While section 332 from the FY 2020 NDAA was helpful, questions remain about when those cleanup standards apply and how the provision alters the cleanup process prescribed by the federal Superfund cleanup law. Representative Slotkin (MI-08) offered an amendment that would have provided more clarity, which is badly needed at the moment.

Currently, the DoD is contesting whether it must clean up PFAS pollution to state standards at multiple sites, including the former Wurtsmith Air Force Base in Michigan and the former Pease Air Force Base in New Hampshire. Because the federal government has not yet issued enforceable cleanup standards for any PFASs, an amendment to section 332 from the FY 2020 NDAA would have greatly assisted efforts to clean up contaminated DoD sites in states that have adopted or are in the process of adopting their own PFAS cleanup standards.

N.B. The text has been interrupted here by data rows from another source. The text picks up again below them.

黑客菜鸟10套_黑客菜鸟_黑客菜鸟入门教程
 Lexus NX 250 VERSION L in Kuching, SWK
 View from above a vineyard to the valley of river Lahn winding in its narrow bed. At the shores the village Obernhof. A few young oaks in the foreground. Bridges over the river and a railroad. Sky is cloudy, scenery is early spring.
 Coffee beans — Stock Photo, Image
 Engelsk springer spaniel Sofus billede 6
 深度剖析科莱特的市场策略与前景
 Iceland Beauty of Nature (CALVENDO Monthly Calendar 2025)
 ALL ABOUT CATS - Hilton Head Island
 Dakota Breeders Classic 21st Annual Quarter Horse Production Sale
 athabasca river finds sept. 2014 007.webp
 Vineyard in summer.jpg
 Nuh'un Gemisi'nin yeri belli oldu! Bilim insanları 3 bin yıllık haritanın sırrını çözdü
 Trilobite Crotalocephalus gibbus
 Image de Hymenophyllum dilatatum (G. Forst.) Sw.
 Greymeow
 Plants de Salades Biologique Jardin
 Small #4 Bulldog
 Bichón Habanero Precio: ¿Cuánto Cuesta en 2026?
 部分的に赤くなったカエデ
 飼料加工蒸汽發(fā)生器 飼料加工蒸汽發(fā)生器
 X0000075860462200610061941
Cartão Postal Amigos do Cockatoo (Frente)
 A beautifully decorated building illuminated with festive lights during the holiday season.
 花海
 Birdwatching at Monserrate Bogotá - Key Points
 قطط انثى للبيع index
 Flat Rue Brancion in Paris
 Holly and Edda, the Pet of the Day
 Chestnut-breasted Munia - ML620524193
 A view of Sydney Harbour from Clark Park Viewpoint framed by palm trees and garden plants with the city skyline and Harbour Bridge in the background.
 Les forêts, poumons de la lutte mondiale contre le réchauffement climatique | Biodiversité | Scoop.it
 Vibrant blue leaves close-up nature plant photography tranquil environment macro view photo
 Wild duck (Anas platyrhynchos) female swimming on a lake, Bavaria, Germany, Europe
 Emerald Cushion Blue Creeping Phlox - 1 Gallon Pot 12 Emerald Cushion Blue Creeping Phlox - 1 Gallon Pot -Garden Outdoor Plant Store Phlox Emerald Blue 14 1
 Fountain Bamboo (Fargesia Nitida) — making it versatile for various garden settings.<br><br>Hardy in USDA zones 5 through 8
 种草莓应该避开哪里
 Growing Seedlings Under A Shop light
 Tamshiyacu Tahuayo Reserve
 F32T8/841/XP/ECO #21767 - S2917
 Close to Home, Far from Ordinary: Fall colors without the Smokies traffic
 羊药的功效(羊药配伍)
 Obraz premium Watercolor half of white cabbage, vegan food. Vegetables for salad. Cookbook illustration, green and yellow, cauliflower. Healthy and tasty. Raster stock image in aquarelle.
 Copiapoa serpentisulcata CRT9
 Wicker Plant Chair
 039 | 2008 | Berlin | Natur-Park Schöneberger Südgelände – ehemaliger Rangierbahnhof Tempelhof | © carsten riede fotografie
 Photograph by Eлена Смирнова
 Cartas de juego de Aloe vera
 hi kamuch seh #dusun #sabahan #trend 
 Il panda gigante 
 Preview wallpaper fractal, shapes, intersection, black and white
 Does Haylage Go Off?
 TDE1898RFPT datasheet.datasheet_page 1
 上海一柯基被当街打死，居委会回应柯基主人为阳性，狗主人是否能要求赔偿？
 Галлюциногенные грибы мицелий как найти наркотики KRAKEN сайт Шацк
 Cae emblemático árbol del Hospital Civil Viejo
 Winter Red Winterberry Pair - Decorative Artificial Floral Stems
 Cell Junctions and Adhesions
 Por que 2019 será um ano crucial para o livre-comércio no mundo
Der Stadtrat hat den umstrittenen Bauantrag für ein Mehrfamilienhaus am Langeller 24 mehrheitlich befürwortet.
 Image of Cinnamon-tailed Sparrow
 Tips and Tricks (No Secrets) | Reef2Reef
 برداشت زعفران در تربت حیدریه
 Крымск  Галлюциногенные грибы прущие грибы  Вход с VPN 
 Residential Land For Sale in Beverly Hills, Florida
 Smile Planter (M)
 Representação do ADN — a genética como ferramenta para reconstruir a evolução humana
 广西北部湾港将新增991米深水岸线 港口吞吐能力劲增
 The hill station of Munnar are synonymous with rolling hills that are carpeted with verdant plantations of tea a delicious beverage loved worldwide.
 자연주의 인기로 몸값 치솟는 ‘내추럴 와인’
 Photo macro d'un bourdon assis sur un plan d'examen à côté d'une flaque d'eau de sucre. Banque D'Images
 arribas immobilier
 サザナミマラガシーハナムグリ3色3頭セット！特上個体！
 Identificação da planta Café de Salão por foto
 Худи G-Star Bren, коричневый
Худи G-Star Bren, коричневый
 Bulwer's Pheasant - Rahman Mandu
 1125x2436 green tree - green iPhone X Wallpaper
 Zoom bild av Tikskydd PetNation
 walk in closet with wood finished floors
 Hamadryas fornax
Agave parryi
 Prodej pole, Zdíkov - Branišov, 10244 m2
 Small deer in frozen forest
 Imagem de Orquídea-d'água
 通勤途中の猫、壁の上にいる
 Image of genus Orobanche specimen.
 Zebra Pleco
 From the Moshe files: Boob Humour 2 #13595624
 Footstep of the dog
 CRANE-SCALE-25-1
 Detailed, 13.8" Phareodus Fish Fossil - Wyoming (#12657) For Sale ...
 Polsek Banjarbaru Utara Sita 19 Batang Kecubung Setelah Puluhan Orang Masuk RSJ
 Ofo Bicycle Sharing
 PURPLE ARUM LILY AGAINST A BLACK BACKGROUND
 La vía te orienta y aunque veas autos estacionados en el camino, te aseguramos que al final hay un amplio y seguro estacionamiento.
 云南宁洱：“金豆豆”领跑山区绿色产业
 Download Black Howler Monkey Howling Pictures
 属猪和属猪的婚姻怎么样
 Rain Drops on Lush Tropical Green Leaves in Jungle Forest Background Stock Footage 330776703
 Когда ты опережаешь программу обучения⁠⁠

While more can and should be done to require the DoD to move beyond studying the problem and toward cleanup up PFASs at its sites, the FY 2021 NDAA makes positive contributions and reveals that there is still a bipartisan commitment to the issue.

The onus is now on the incoming Biden administration to step up. Starting in 2021, the USEPA should move quickly to address PFASs by establishing maximum contaminant levels in drinking water, developing effluent limitation guidelines and ambient water quality criteria through the Clean Water Act, and designating PFASs as hazardous substances under the Superfund cleanup law. Those actions by the EPA would go a long way toward holding polluters, including the DoD, responsible.